Quase no fim, ficamos com Vanessa Paradis como produtora de porno gay, abandonada pela amada, que é a montadora dos seus filmes, ameaçados pelo godemiché fatal de um assassino homofóbico. Ficamos com uma homenagem ao underground dos anos 70, uma espécie de Brian de Palma low-fi, num filme, Un Couteau dans le Coeur, de Yann Gonzalez, todo ele vidrado pela performance e por isso algo paralisado – como se não passasse de uma série de reencenações. O gesto dos programadores, ao permitirem esta plataforma de visibilidade ao universo artesanal de Gonzalez, já é quase tudo.
E entretanto, Terry Gilliam
O fim mesmo, no concurso, só acontecerá esta noite com Poirier Sauvage, de Nuri Bilge Ceylan (currículo de Cannes: Grande Prémio em 2003 e em 2011 por Uzak e Era Uma Vez na Anatólia, respectivamente; Prémio de Realização em 2008 por Os Três Macacos; Palma de Ouro em 2014 por Sono de Inverno). Mas entretanto, foi já mostrado à imprensa o filme que encerrará, este sábado, a 71.ª edição: O Homem que Matou Dom Quixote, de Terry Gilliam.

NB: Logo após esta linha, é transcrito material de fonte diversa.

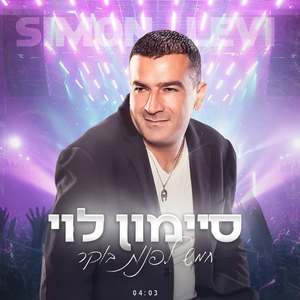 חמש לפנות בוקר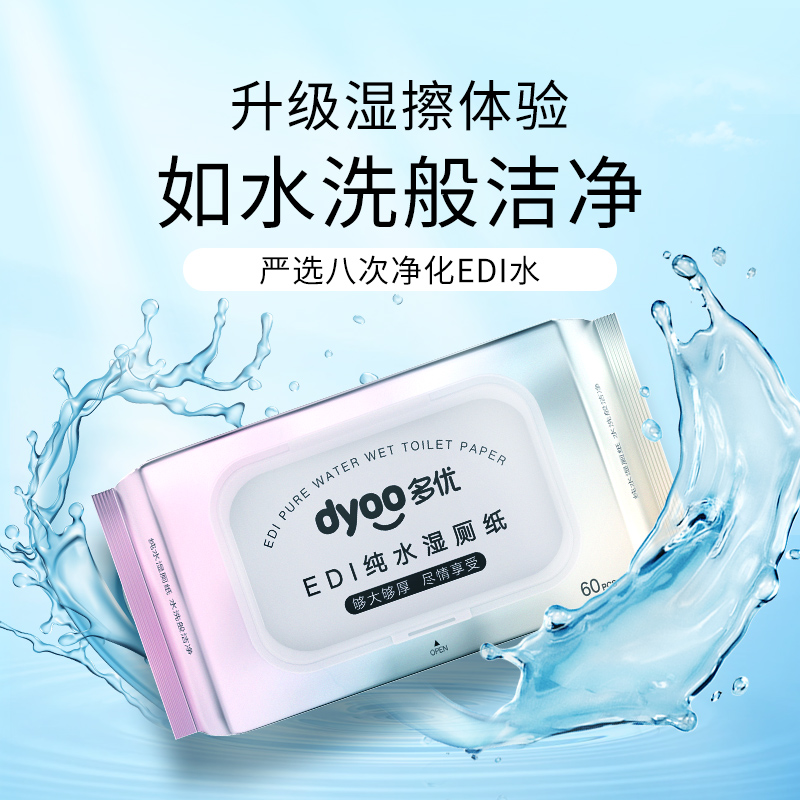 多优牌湿厕纸卫生湿巾60片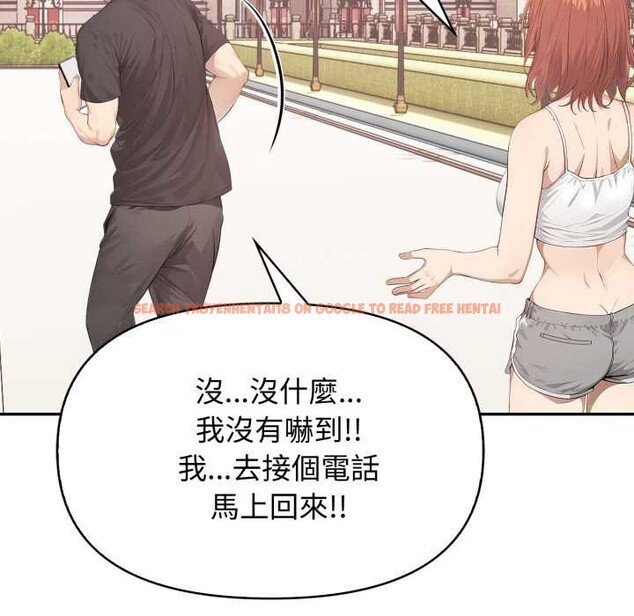 查看漫画親切的鄰居太太們 - 第7話 - tymanga.com中的4375289图片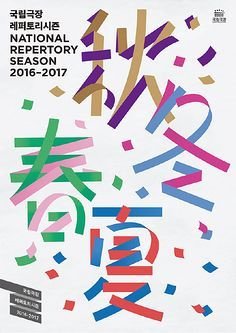 长沙平面设计海报创意字体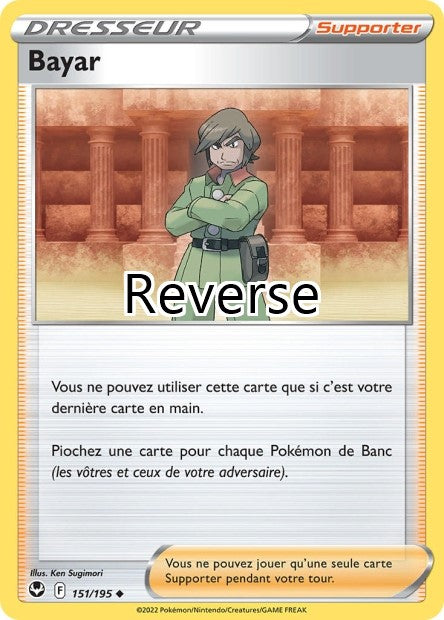 Bayar reverse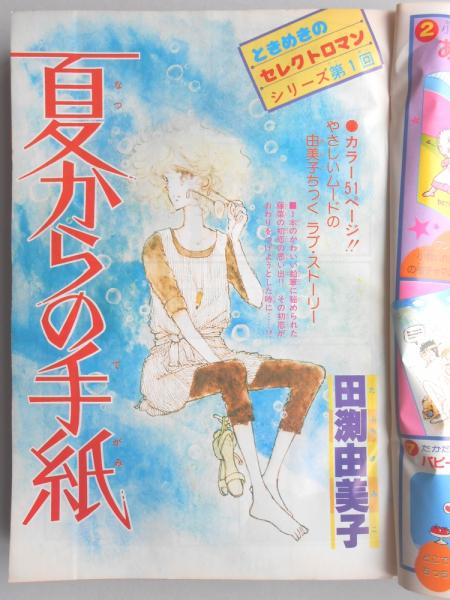 雑誌　りぼん　1979年 少女漫画雑誌】りぼん 1979年6月号 / 古本、中古本、古書籍の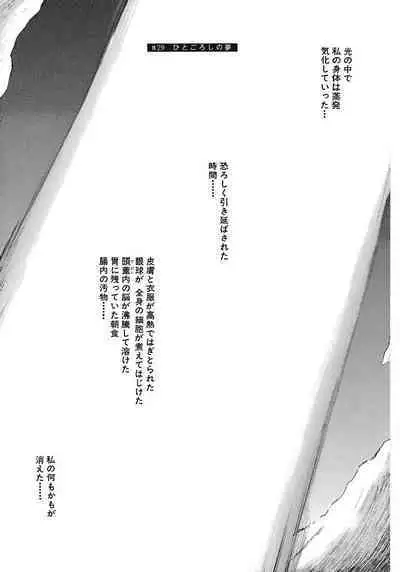 [Tanaka Yutaka] Ai-Ren Treasure Edition - Volume Two [Digital]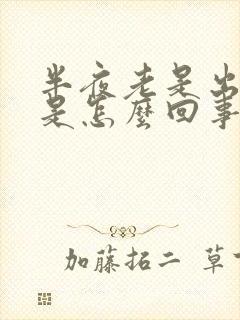 半夜老是出虚汗是怎么回事封面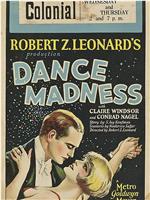 Dance Madness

Começa com a indicação, que os tribunais franceses impuseram, de que a projecção no festival não prejudicaria os direitos reivindicados judicialmente pela Alfama Films de Paulo Branco. E prossegue, temperando a lei com humor, exclamando, também em legenda, que, 25 anos depois de todas as catástrofes naturais e financeiras, eis finalmente… como se o mundo aguardasse por Star Wars.
Parecia bom augúrio, isto de a auto-ironia colocar a coisa numa fasquia menos do que épica. Mas a fasquia estatela-se no chão. Desde logo porque o humor é sempre o trambolhão de serviço para as personagens, um realizador de publicidade (Adam Driver) invadido pelas figuras – entre elas Don Quixote (Jonathan Pryce) – do mundo que desencadeou num “filme de estudante” do passado, e que se vê arrastado para a sua experiência do mundo como Sancho Pança.
Não se nega que há melancolia aqui. Não porque seja um sentimento procurado, trabalhado ou aprofundado, mas porque é isso que fica, e não é preciso ter estado à espera 25 anos, do bricabraque simplório (a sequência do baile de máscaras rodada no Convento de Cristo, em Tomar) e de um cast inexpressivo, monótono. O filme terá também estreia este sábado em 300 salas de França, depois de os tribunais de Paris terem indeferido o pedido do produtor Paulo Branco que reclamava a suspensão da distribuição do filme.